The judgment call in favor of disclosure gets easier as the government employee’s rank gets higher. We don’t — or shouldn’t — worry that a person willing to compete for a high-profile job like police chief or school superintendent will get his feelings hurt by critical comments about his job performance. The decision is trickier when the employee is a public school teacher, and doubly so because the way teachers are evaluated is itself a source of much dispute. If you’re a teacher who believes the evaluation system is unfair, it feels especially unfair to be publicly labeled a “bad teacher” on the basis of an unreliable assessment.

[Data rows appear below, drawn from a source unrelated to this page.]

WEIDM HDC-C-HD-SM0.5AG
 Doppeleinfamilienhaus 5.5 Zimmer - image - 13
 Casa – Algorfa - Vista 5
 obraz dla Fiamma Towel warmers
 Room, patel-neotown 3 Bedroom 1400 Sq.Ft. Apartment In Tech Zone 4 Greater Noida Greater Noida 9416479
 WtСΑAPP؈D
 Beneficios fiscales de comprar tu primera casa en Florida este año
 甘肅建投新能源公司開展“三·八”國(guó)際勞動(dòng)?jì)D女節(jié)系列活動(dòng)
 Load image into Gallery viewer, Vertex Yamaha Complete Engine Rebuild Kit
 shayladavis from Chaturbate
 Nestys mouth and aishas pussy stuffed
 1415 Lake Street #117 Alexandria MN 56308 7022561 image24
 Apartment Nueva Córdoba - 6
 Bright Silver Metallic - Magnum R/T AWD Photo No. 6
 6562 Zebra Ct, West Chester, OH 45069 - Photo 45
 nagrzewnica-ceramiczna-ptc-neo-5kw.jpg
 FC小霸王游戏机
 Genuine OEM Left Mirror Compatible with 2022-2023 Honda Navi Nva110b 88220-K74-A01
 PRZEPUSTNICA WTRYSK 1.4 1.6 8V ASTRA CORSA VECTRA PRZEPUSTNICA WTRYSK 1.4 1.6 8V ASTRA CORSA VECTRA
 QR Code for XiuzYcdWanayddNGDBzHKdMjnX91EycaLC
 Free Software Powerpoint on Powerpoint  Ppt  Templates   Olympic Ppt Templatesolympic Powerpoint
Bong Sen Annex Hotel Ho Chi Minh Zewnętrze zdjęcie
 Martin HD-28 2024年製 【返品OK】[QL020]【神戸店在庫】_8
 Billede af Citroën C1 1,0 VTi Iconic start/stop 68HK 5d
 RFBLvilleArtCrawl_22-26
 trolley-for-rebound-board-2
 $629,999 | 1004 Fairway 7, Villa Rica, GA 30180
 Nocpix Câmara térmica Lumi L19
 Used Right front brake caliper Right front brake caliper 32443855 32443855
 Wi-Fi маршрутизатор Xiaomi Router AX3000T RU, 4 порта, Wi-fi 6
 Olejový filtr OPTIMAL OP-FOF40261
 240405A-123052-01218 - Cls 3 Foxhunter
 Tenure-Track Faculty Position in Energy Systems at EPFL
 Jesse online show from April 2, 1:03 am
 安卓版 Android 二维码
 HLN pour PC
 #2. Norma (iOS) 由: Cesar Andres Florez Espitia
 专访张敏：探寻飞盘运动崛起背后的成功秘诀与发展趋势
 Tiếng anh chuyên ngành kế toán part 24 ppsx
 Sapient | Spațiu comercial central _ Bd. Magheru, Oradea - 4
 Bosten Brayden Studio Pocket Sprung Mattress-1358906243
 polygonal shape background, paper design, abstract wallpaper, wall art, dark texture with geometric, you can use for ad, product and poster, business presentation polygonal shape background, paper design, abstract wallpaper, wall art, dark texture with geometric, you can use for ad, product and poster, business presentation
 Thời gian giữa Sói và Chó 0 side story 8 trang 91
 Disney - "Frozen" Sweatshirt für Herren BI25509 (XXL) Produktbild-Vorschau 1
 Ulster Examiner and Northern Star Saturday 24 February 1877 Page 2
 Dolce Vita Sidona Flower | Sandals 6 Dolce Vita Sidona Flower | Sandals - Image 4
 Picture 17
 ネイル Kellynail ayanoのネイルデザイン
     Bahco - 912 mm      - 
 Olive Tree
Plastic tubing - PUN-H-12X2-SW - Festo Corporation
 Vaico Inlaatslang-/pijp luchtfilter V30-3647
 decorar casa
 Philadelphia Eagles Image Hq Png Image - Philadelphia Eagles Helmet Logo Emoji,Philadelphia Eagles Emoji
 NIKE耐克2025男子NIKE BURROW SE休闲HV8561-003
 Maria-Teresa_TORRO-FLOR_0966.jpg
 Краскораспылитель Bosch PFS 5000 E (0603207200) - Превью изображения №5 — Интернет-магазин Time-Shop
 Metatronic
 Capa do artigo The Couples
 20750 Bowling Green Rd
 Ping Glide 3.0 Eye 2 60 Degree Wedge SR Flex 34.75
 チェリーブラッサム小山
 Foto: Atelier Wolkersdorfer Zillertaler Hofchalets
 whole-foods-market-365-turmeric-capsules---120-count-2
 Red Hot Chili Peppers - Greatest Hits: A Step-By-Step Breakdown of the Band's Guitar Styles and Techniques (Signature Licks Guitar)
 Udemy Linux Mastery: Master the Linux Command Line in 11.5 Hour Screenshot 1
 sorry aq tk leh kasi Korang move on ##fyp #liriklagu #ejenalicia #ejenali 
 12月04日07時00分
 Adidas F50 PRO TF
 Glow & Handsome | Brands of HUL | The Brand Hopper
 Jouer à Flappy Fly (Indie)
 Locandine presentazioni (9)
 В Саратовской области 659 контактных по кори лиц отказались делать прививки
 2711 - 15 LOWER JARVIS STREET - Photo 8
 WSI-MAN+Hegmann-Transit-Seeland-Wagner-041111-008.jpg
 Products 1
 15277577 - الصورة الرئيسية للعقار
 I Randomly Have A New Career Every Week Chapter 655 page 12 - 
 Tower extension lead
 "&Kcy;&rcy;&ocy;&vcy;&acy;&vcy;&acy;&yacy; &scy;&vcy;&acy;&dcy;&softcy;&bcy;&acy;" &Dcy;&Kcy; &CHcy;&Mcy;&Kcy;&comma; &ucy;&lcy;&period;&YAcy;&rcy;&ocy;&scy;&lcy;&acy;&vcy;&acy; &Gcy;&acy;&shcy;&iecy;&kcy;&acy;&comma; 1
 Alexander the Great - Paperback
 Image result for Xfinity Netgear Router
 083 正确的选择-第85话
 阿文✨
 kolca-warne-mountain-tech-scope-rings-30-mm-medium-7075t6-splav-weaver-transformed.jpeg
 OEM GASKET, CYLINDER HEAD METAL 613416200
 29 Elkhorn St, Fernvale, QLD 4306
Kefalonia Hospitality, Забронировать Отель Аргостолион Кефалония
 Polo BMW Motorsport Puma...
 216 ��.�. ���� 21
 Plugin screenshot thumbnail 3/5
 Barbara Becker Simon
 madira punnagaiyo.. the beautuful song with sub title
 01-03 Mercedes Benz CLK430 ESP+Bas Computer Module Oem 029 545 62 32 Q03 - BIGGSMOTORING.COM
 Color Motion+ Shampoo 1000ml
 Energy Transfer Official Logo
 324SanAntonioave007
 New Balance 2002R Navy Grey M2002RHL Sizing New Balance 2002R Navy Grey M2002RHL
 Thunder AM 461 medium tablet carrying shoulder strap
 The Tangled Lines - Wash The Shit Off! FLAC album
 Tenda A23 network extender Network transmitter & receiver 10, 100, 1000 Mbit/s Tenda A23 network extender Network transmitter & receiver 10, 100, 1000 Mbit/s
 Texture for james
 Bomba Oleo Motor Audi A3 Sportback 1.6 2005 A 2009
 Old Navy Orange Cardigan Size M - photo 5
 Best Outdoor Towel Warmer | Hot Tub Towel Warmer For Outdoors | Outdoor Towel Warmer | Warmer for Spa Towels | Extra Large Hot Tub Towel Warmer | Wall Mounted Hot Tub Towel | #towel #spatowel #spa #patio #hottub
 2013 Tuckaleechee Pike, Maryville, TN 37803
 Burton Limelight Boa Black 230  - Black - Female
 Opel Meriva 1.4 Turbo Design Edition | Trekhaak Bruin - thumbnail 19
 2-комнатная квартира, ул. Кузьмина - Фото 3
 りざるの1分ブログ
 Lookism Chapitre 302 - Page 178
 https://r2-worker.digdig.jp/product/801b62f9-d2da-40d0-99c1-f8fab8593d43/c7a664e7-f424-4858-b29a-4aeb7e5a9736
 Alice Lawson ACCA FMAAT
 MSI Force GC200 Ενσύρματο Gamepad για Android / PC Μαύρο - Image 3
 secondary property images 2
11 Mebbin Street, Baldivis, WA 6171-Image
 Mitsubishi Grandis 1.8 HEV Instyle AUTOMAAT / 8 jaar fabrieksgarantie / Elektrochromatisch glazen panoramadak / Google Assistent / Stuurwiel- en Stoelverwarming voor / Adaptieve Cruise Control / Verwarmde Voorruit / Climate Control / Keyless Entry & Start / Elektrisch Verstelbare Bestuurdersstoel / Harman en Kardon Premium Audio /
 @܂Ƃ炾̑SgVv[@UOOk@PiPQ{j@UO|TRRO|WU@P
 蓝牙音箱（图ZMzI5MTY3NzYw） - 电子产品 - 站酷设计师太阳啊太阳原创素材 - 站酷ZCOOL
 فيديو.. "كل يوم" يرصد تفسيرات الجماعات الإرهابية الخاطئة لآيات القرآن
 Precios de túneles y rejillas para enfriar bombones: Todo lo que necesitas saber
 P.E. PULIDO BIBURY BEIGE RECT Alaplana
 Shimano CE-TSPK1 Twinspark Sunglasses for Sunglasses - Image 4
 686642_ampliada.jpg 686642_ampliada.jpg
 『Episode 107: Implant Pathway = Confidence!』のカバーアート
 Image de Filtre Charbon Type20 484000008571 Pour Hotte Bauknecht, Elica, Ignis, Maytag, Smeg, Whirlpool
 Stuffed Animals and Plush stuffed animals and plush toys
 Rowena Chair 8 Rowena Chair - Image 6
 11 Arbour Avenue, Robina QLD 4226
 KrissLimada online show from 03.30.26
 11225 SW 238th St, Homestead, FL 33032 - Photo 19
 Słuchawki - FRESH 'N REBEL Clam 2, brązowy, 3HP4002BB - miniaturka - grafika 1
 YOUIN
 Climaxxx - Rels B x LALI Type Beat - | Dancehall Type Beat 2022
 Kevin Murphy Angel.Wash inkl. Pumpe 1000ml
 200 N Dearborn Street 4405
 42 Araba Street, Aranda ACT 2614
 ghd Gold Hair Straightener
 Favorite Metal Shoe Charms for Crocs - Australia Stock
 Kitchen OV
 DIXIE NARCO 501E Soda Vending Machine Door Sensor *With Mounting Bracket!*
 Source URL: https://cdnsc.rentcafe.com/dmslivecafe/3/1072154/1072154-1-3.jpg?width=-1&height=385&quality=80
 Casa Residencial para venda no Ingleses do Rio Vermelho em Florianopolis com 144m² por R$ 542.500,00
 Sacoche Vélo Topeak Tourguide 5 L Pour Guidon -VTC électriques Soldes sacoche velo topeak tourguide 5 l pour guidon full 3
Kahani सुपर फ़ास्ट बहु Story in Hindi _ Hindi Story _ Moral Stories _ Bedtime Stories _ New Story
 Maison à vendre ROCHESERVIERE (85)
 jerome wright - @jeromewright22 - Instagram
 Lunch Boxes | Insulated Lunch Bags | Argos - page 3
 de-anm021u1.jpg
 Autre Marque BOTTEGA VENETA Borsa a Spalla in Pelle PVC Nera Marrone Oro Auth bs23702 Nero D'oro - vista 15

Reconciling that tension between individual privacy and public accountability has proven to be a struggle for state courts, and recent rulings have resulted in inconsistent outcomes for those seeking access to teachers’ records:
- In California, the Los Angeles Times lost its bid to obtain the performance ratings of teachers in the Los Angeles Unified School District by name and location of school. A three-judge panel ruled April 24 that the privacy interests of the teachers outweighed the interest in disclosure, which the judges characterized as advancing primarily the personal interests of parents rather than a broader public interest. The Times was given a list of anonymous evaluation scores, identified only by grade level, from an LAUSD scoring system that tries to gauge each teacher’s effectiveness in improving student test scores. Attorneys for the newspaper argued, unsuccessfully, that the public has an overriding interest in knowing whether particular schools are ineffective. The 2nd District Court of Appeals ruling overturned a lower-court decision finding the complete evaluation results to be a matter of public record.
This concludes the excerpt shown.